Lansoprol capsules 30 mg No. 28




Pharmacological properties
Lansoprazole inhibits the activity of the proton pump H+/K+-ATPase in the parietal cells of the gastric mucosa. Thus, lansoprazole inhibits the final stage of gastric acid formation, reduces the amount and acidity of gastric juice, as a result of which its harmful effects on the mucous membrane are reduced.
The degree of inhibition is determined by the dose and duration of treatment. Even a single dose of 30 mg of lansoprazole inhibits gastric acid secretion by 70-90%. The effect occurs within 1 or 2 hours and lasts for 24 hours.
Lansoprazole is absorbed in the intestine. In healthy patients, when taking 30 mg of lansoprazole, C max in blood plasma is 0.75-1.15 mg/l and is achieved within 1.5-2 hours. C max in blood plasma and bioavailability depend on the individual characteristics of the patient and do not change depending on the frequency of taking the drug.
The binding of the drug to blood plasma proteins is 98%.
Lansoprazole is excreted from the body with bile and urine (only in the form of metabolites - lansoprazole sulfone and hydroxyl lansoprazole), with 21% of the dose of the drug excreted in the urine per day. T ½ is 1.5 hours.

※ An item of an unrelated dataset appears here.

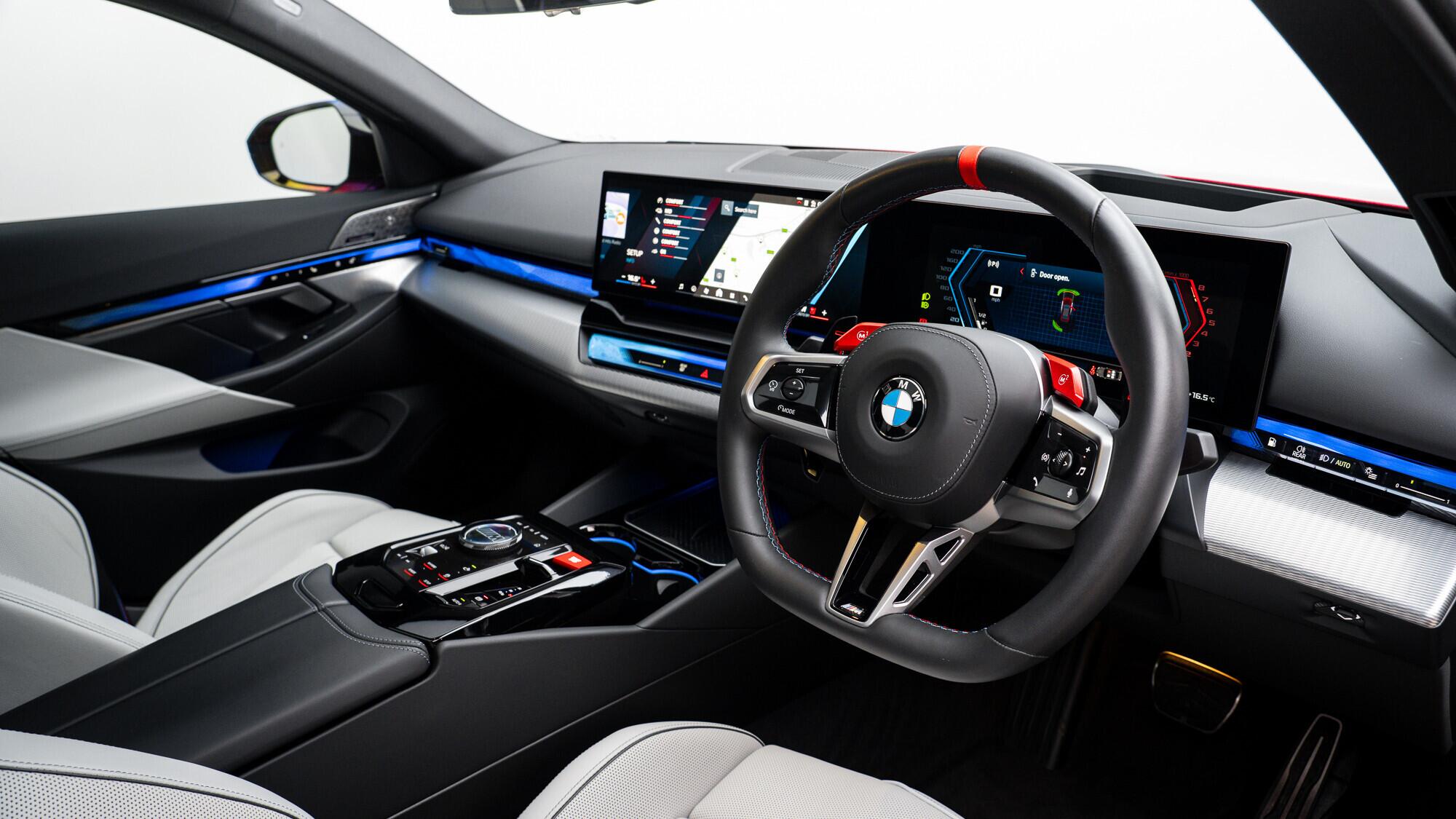 BMW M5 view 41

T½ increases in patients with severe hepatic impairment and in patients over 69 years of age. In patients with renal impairment, the absorption of lansoprazole is practically unchanged.
Indication
Gastric and duodenal ulcers, including those associated with the use of nonsteroidal anti-inflammatory drugs, gastroesophageal reflux disease, Zollinger-Ellison syndrome, for the eradication of Helicobacter pylori (in combination with antibiotics).
Application
Adults take orally. Usually the dose is 30 mg once a day 30-40 minutes before meals, the capsules are taken whole without chewing, with 15-200 mg of water. If this is not possible, the capsule can be opened and its contents dissolved in a small amount of apple juice (approximately 1 full spoon) and swallowed immediately, without chewing. The same procedure must be performed if the drug is administered through a nasogastric tube.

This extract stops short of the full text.